Extracted information START

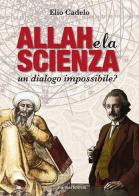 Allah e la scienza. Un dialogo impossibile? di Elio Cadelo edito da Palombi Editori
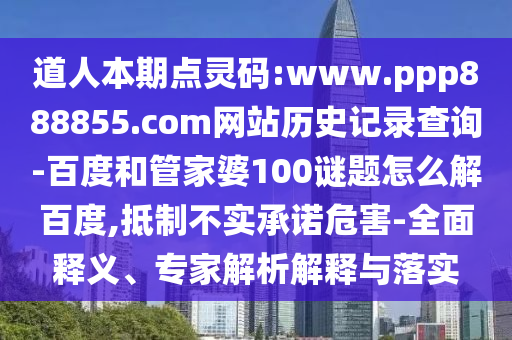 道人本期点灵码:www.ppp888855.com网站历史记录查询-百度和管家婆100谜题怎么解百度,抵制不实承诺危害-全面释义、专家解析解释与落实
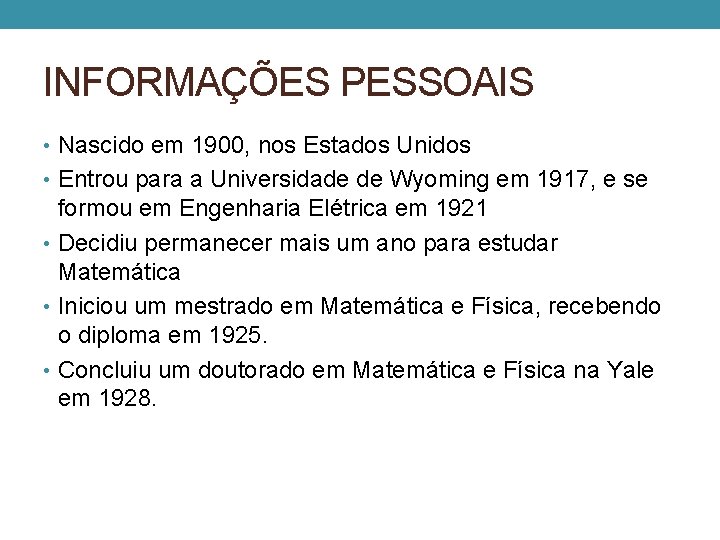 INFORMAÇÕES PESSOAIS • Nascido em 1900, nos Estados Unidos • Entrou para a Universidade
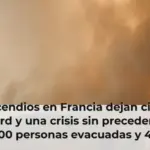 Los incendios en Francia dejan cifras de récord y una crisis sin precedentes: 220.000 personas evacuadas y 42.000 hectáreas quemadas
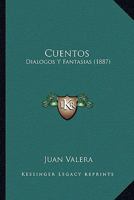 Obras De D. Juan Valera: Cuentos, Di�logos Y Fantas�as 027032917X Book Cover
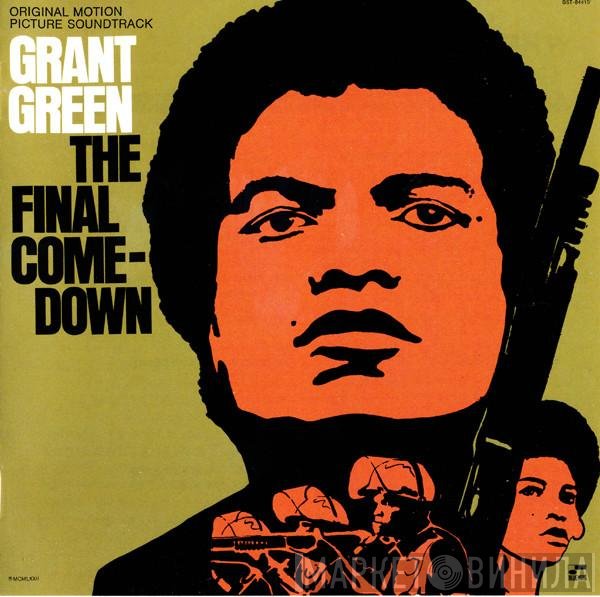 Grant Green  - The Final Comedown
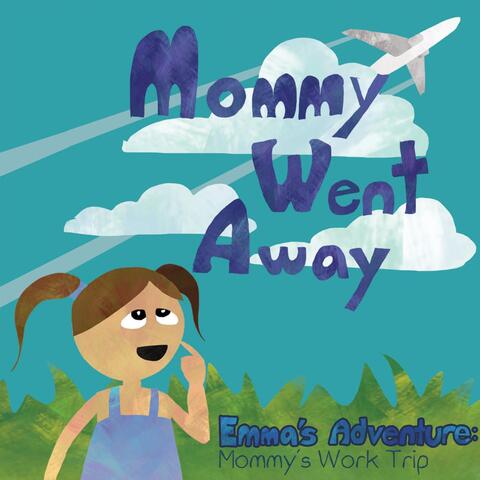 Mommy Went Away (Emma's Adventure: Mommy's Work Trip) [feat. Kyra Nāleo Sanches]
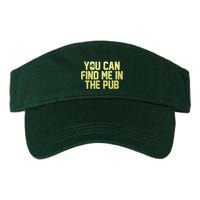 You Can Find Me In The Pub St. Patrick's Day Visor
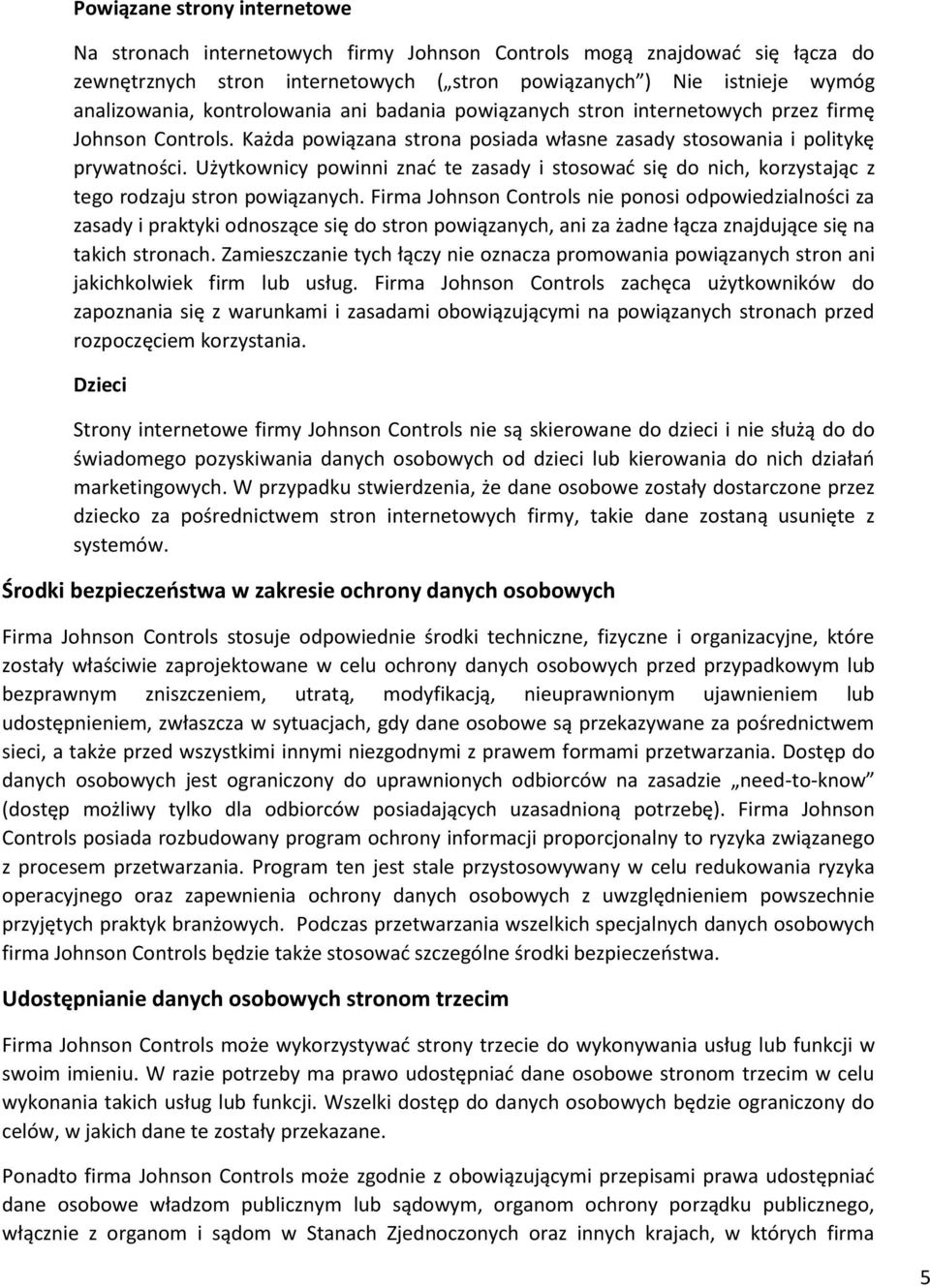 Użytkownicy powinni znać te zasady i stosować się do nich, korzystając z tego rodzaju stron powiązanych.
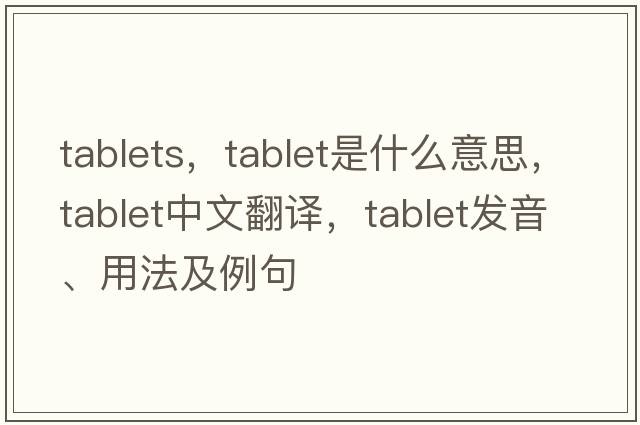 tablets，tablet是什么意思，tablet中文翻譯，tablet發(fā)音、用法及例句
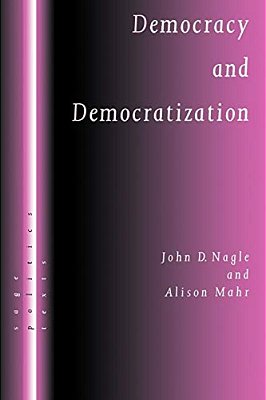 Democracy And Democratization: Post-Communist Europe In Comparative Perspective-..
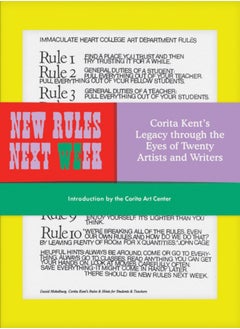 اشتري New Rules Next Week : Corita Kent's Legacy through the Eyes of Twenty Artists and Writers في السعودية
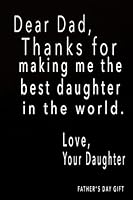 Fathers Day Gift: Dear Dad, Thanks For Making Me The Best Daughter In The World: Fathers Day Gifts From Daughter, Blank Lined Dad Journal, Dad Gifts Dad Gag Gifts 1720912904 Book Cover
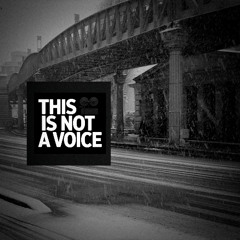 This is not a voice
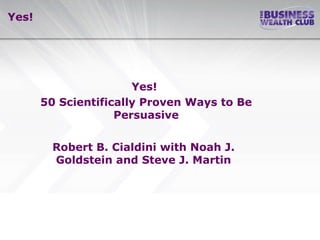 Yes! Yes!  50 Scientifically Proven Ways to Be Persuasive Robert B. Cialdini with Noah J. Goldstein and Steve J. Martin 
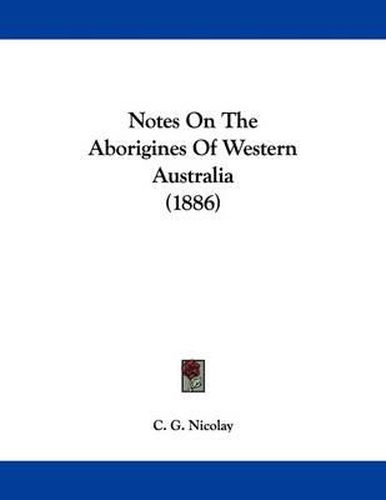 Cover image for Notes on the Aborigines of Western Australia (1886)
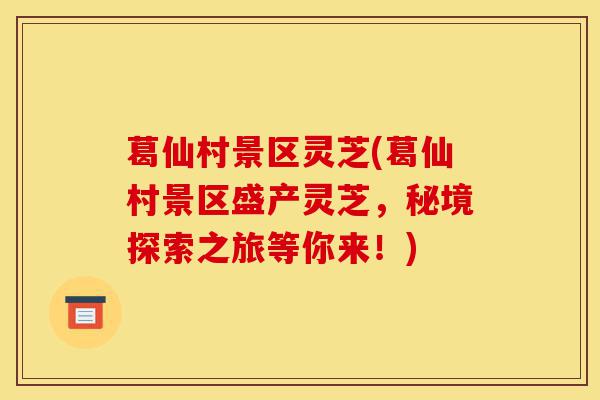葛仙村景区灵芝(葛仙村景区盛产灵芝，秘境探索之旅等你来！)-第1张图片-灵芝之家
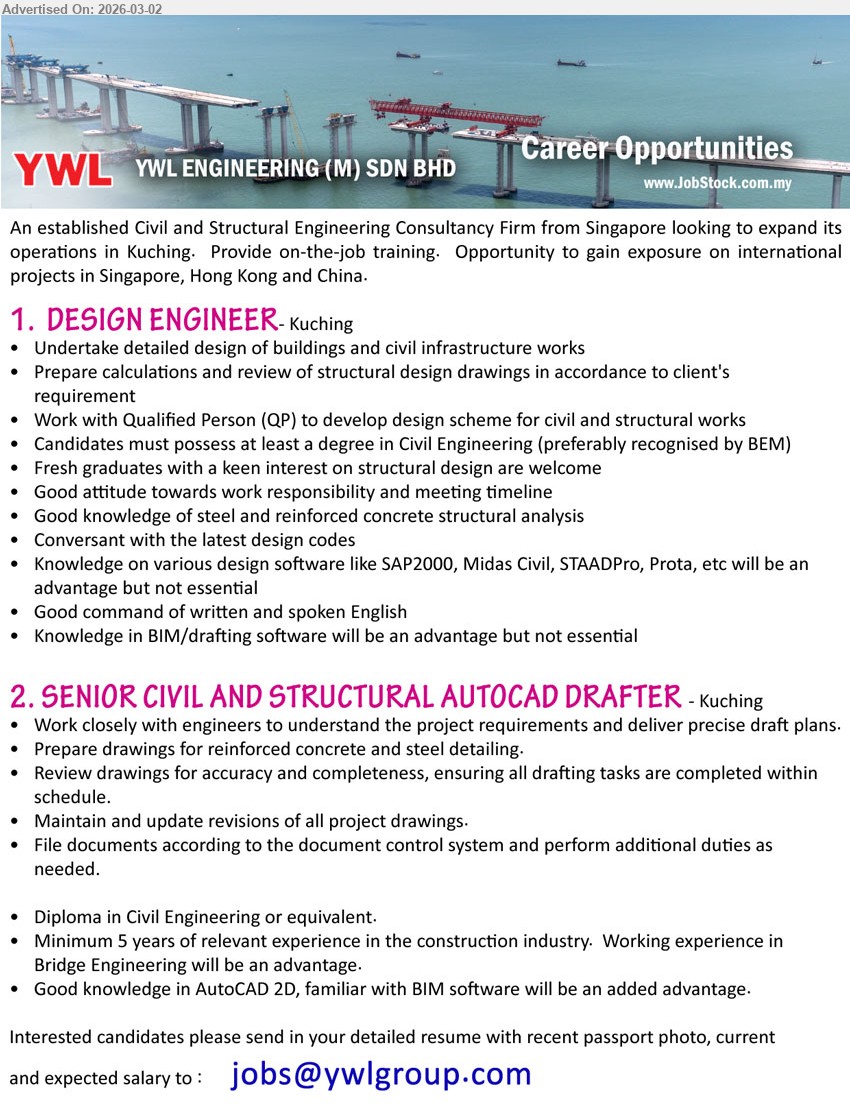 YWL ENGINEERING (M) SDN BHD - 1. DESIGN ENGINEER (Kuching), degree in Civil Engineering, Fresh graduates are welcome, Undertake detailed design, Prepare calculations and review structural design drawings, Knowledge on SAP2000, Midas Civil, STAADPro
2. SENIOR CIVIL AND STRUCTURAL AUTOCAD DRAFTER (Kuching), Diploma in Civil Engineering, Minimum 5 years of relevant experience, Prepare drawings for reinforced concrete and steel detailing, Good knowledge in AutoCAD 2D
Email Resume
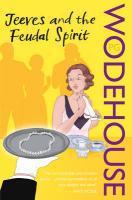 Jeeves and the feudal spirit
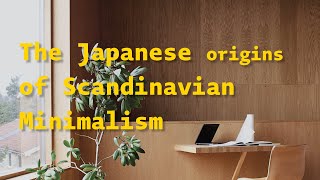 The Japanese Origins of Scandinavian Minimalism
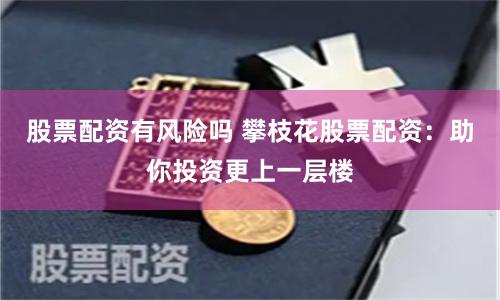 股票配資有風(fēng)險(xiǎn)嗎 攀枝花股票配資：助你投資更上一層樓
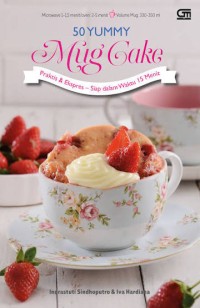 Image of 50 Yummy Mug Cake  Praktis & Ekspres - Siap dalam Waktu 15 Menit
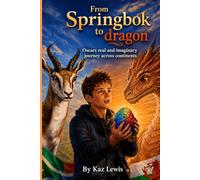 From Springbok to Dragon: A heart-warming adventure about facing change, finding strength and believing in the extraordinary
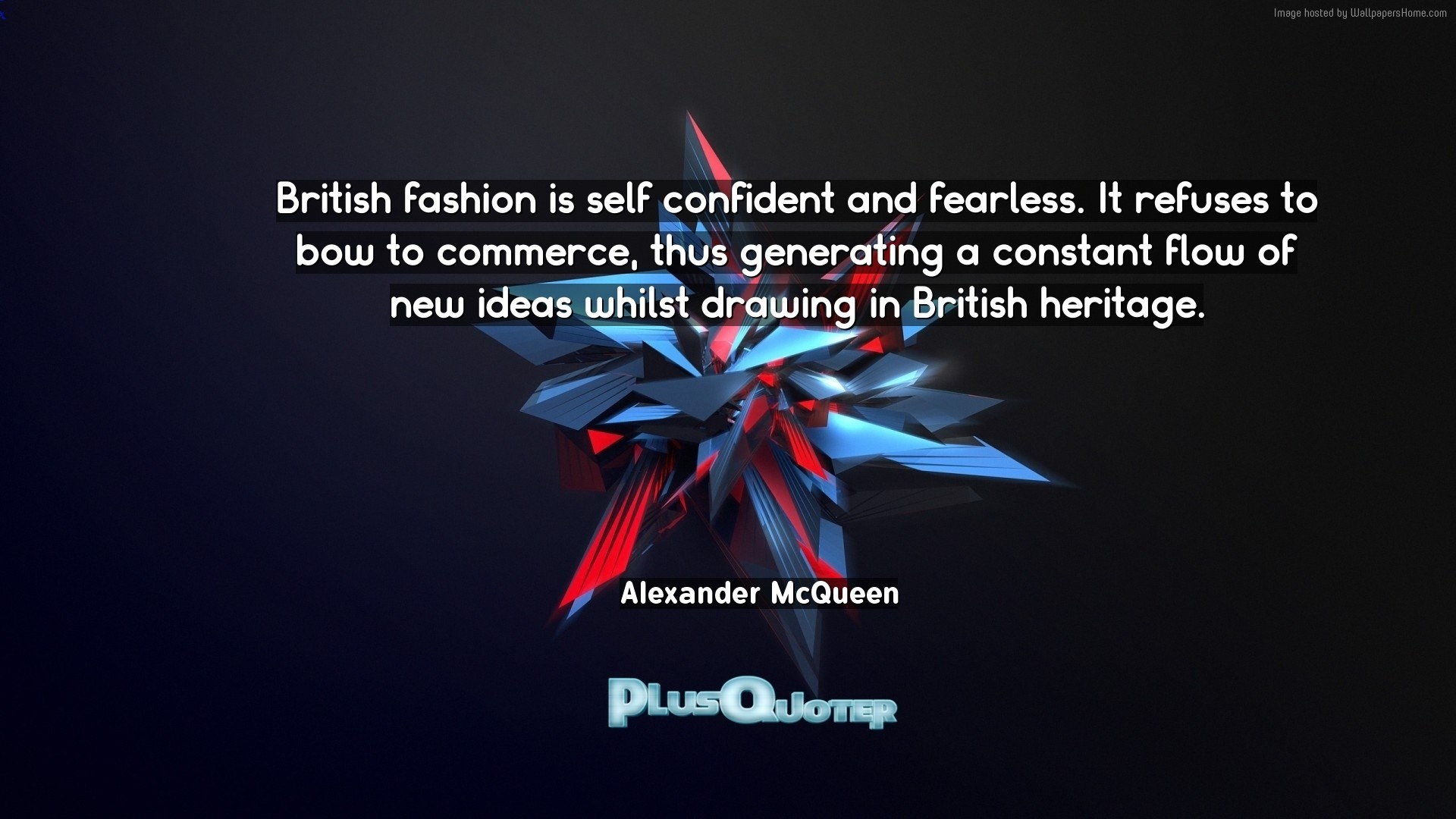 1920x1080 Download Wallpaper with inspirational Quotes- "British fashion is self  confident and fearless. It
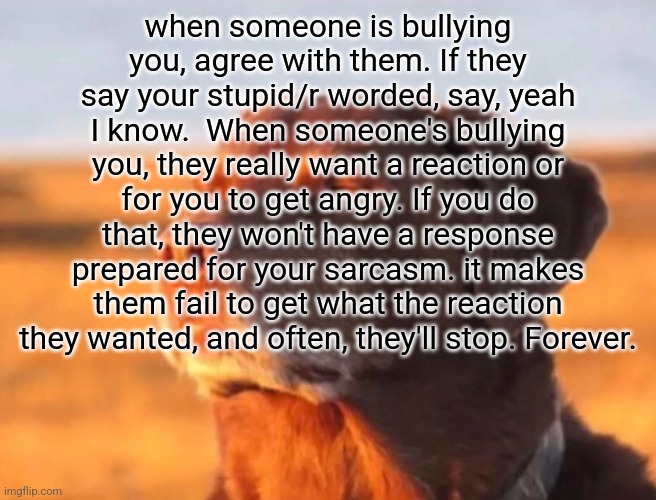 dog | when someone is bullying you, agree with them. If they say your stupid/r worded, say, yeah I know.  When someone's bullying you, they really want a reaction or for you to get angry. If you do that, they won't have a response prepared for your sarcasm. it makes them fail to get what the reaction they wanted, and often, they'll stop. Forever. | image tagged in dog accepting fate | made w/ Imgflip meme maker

Extracted information END

Please reproduce, exactly and only, the lines from the line containing "YWL ENGINEERING (M)" through the last line of the material above, minus any pictures.

### Task result
 YWL ENGINEERING (M) SDN BHD - 1. DESIGN ENGINEER (Kuching), degree in Civil Engineering, Fresh graduates are welcome, Undertake detailed design, Prepare calculations and review structural design drawings, Knowledge on SAP2000, Midas Civil, STAADPro
2. SENIOR CIVIL AND STRUCTURAL AUTOCAD DRAFTER (Kuching), Diploma in Civil Engineering, Minimum 5 years of relevant experience, Prepare drawings for reinforced concrete and steel detailing, Good knowledge in AutoCAD 2D
Email Resume
 Jeeves and the feudal spirit
 The Japanese Origins of Scandinavian Minimalism
 股票配資有風(fēng)險(xiǎn)嗎 攀枝花股票配資：助你投資更上一層樓
 Image of 50 Yummy Mug Cake  Praktis & Ekspres - Siap dalam Waktu 15 Menit
 From Springbok to Dragon: A heart-warming adventure about facing change, finding strength and believing in the extraordinary
 1920x1080 Download Wallpaper with inspirational Quotes- "British fashion is self  confident and fearless. It
 dog | when someone is bullying you, agree with them. If they say your stupid/r worded, say, yeah I know.  When someone's bullying you, they really want a reaction or for you to get angry. If you do that, they won't have a response prepared for your sarcasm. it makes them fail to get what the reaction they wanted, and often, they'll stop. Forever. | image tagged in dog accepting fate | made w/ Imgflip meme maker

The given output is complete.